Greatly. But the feelings that we all have, in response to those things? Those seem to be broadly similar across humans.
But threats can be even more subtle than I the sorts I listed, in the above.
Threats can come from things not directly attributable to other humans – things like fear over losing our jobs; fears over not measuring up; fears over who we truly are, not being an acceptable kind of person to be.
All of those can be sources of anxiety, among too many others to count.
And we respond to such things, to such threats- by trying to fight them (anger), or by trying to run from them (fear).
When I would do things like not open mail when I had debts- this was a form of running, even though what I thought I was doing, was something different.

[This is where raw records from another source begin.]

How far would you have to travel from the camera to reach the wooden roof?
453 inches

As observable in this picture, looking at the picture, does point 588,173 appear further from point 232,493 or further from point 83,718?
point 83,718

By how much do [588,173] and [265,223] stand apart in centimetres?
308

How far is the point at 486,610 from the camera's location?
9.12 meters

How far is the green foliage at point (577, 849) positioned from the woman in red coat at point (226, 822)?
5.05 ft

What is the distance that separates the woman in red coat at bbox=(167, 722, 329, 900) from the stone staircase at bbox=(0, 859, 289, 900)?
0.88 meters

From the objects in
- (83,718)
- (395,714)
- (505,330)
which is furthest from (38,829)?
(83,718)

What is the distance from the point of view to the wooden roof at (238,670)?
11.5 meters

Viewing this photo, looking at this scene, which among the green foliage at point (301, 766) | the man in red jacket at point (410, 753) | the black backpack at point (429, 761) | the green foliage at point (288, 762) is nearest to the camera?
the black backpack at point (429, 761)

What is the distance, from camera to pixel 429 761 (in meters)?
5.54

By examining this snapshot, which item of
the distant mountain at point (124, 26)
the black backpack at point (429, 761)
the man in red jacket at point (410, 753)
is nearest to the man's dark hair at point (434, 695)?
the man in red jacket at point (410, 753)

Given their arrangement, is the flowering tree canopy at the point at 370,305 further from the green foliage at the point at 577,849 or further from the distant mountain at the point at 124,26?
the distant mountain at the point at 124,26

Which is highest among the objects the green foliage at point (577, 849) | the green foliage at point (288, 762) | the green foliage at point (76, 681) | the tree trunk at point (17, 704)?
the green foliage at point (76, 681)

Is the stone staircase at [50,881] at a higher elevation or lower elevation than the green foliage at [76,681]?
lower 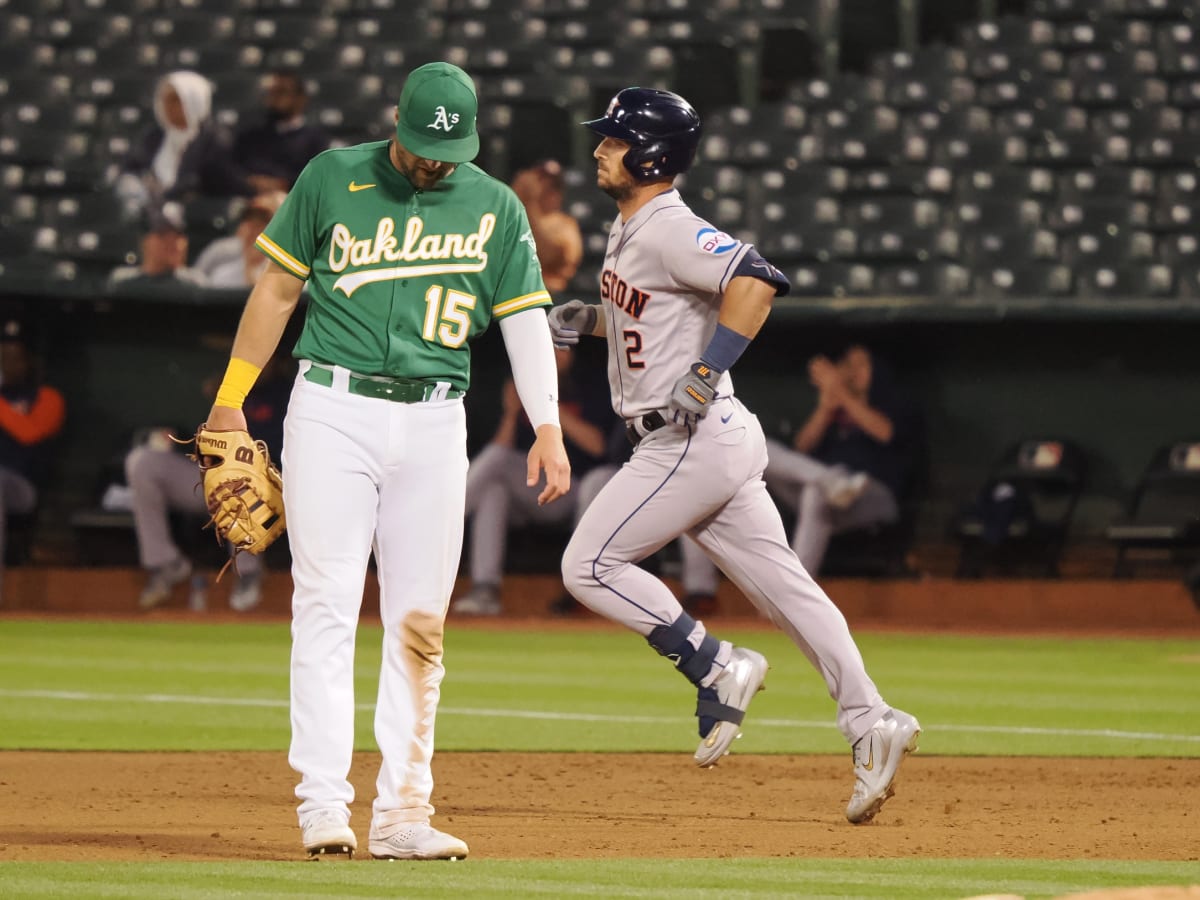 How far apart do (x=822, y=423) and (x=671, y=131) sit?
737 centimetres

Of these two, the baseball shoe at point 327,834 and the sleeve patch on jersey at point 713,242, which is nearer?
the baseball shoe at point 327,834

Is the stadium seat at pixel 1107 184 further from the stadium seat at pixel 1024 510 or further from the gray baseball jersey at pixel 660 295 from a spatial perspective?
the gray baseball jersey at pixel 660 295

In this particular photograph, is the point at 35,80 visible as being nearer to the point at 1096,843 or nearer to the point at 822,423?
the point at 822,423

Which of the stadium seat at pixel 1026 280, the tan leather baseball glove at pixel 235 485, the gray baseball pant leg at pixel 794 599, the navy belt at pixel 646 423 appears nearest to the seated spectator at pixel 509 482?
the stadium seat at pixel 1026 280

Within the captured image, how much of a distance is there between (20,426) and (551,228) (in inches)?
146

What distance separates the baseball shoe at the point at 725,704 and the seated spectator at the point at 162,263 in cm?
797

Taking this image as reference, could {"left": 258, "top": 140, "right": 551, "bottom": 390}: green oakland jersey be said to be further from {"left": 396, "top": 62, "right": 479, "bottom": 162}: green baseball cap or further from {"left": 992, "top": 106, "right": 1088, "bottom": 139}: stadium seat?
{"left": 992, "top": 106, "right": 1088, "bottom": 139}: stadium seat

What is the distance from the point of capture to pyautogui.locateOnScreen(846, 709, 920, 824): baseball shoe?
551cm

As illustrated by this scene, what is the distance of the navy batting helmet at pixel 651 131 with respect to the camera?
18.7 feet

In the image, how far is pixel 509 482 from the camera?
13.0 m

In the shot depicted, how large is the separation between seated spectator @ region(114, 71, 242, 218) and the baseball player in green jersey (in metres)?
9.64

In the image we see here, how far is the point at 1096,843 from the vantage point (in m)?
5.24

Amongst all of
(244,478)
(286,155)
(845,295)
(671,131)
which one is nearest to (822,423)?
(845,295)

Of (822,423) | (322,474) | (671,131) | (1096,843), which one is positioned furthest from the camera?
(822,423) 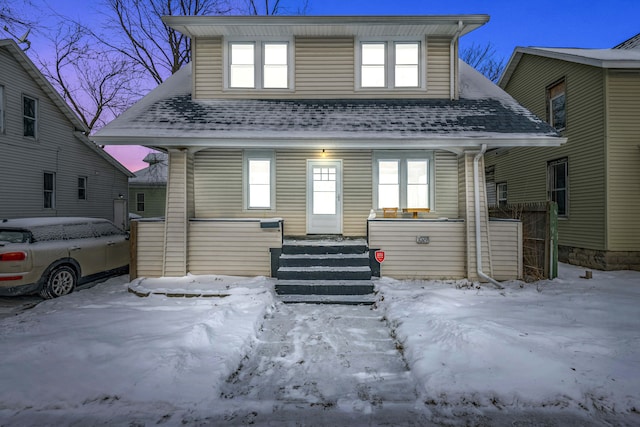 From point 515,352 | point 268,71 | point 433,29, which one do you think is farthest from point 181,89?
point 515,352

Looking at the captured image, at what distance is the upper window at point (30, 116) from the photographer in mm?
12095

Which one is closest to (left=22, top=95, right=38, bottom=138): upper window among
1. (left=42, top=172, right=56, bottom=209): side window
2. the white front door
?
(left=42, top=172, right=56, bottom=209): side window

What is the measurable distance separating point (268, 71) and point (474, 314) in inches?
316

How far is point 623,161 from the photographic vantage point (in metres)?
9.12

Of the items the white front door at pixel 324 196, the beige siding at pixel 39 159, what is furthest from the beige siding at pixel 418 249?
the beige siding at pixel 39 159

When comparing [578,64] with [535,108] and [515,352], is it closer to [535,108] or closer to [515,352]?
[535,108]

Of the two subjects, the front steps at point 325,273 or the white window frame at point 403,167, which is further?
the white window frame at point 403,167

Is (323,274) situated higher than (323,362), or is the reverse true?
(323,274)

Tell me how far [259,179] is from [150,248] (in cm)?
330

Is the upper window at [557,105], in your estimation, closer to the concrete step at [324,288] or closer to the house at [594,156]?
the house at [594,156]

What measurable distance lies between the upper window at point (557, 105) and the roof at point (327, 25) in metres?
5.05

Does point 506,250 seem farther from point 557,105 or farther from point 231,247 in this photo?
point 557,105

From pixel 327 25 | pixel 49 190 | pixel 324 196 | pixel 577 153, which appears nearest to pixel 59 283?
pixel 324 196

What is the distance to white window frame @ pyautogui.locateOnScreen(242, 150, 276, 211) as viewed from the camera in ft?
29.2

Even the current political climate, the crazy polarization going on, here in the US-
Could be read as the scary things we are all facing, right now- manifesting in a large scale ‘fight’ response.
I’ve mentioned before a study I read, long ago (if anyone is interested, let me know and I’ll track it down!) – the authors of this study concluded that when humans experience anger, our heart rate and blood pressure rises- and when those key physiological indicators rise above a certain mark, our brains become incapable of processing novel information.

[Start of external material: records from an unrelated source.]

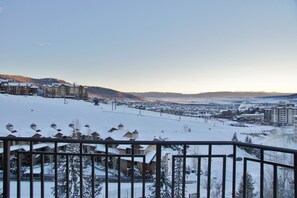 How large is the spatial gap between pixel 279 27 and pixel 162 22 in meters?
3.03

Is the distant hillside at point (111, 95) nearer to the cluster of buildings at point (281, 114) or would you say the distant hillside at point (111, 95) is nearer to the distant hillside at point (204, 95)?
the distant hillside at point (204, 95)

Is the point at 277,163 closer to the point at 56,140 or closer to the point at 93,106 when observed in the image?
the point at 56,140

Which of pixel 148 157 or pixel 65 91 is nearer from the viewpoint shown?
pixel 148 157

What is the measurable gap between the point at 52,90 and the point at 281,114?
1048 cm

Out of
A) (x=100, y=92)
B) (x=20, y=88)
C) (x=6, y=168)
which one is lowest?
(x=6, y=168)

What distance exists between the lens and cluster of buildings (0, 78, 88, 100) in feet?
41.3

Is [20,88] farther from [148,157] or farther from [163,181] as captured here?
[148,157]

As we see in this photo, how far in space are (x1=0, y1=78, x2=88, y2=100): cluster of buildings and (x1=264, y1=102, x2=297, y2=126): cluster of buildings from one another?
867 cm

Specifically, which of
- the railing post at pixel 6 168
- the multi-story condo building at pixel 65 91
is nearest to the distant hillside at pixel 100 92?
the multi-story condo building at pixel 65 91

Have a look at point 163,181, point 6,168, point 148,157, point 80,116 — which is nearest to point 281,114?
point 163,181

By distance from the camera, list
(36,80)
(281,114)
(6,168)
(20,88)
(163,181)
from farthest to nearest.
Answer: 1. (20,88)
2. (36,80)
3. (281,114)
4. (163,181)
5. (6,168)

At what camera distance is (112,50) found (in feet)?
32.2

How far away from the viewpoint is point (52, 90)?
12.9 metres

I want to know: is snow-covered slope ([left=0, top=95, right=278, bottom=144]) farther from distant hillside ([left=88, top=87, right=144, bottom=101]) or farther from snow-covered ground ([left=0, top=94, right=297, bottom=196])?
distant hillside ([left=88, top=87, right=144, bottom=101]) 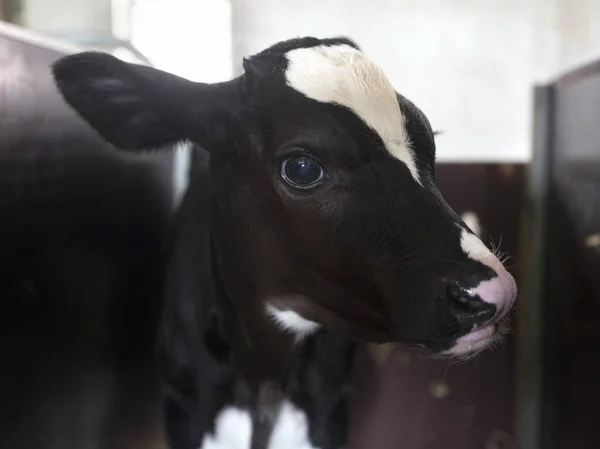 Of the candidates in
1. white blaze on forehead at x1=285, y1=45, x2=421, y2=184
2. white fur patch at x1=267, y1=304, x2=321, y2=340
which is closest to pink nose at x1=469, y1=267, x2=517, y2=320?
white blaze on forehead at x1=285, y1=45, x2=421, y2=184

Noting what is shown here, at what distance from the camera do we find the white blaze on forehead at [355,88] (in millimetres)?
557

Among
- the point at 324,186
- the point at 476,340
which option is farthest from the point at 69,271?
the point at 476,340

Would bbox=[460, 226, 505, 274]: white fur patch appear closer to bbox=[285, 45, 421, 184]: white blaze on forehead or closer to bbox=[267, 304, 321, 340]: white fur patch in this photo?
bbox=[285, 45, 421, 184]: white blaze on forehead

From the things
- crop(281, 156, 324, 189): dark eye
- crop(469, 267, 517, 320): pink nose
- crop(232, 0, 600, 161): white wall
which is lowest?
crop(469, 267, 517, 320): pink nose

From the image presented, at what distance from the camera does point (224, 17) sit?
0.68m

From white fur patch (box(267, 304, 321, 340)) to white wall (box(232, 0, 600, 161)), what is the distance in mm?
432

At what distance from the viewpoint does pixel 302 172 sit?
22.1 inches

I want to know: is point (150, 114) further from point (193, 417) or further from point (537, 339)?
point (537, 339)

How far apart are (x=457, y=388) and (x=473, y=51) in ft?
2.25

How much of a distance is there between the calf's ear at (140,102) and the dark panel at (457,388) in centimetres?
58

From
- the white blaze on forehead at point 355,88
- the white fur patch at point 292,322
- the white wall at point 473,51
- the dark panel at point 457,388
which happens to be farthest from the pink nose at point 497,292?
the dark panel at point 457,388

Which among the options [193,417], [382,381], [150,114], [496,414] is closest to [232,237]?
[150,114]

I decided long ago, that I believed arguing to be Inefficient.
So I tried to just…stop.
First, I tried to quash the feelings of anger, altogether.
That made things worse, for me- for when I told myself that I could not get angry, and then did, anyway; then, I had an added later of guilt and self-hatred to contend with.

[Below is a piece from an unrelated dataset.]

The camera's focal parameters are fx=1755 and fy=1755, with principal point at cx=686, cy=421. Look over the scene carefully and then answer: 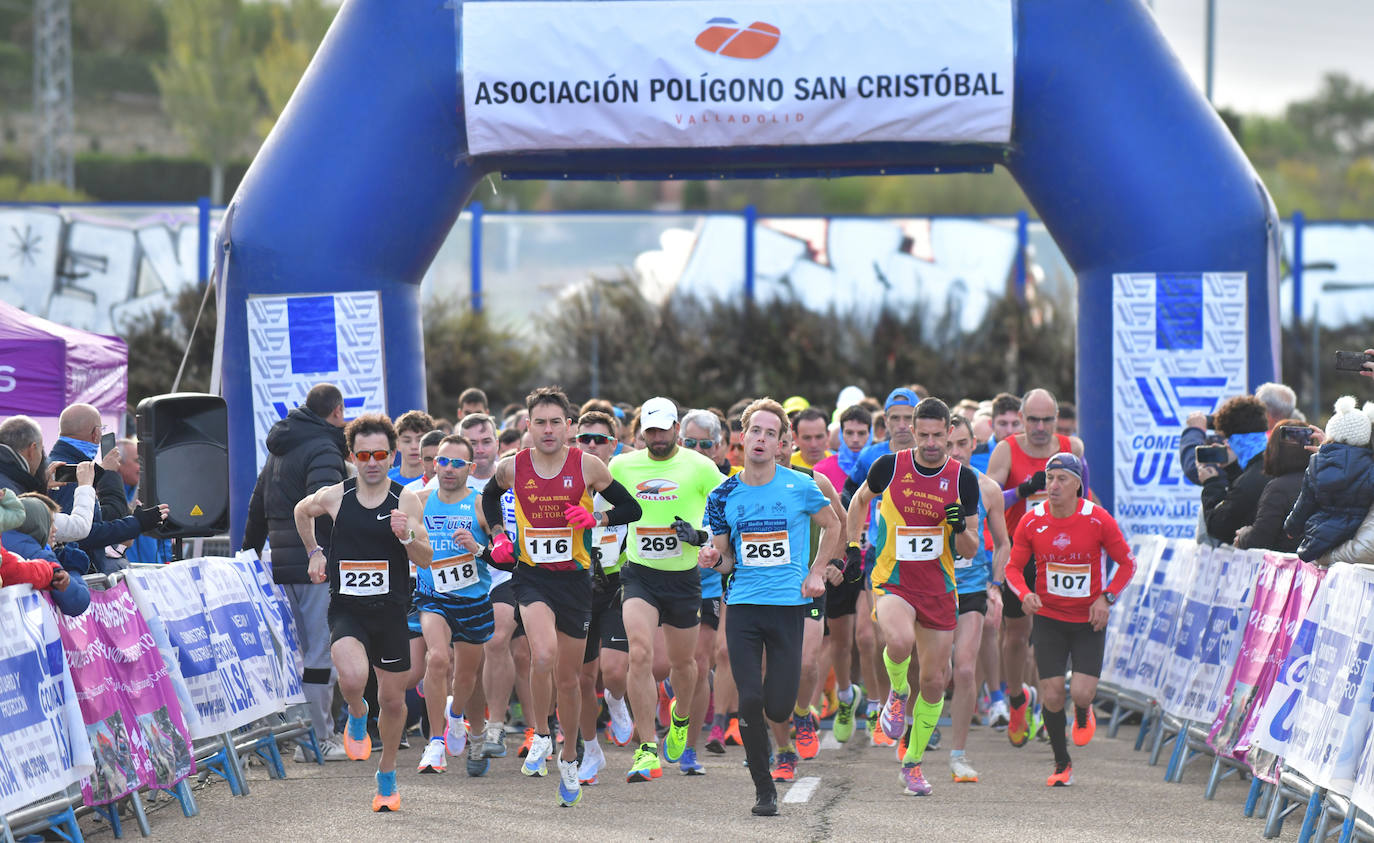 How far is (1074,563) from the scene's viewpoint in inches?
400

After that, I tried working around the fact that I could not just… magically not be angry anymore, by instituting certain rules in my life. Rules, like taking a break from a discussion if I felt myself becoming emotional, long enough to cool down for a bit.
That worked great!
Until I dated someone who used their physical strength to prevent me from even going for a walk, or stepping out to have a cigarette.
Then, I really learned about my own anger.
Those kinds of tricks, those sorts of hacks that I was employing, to get around my own capacity for anger- they have limits to their efficacy.
Mine were effective enough that I probably would have skated through the rest of my life without confronting my anger, face to face- had I not ended up in such a particular, and extreme sort of situation as one involving actual physical abuse.
I had to find a way to actually lessen my own anger. This is a thing which takes time. It cannot happen overnight; that isn’t how our brains work. But our brains are plastic. They can change, with time and repetition. And honesty.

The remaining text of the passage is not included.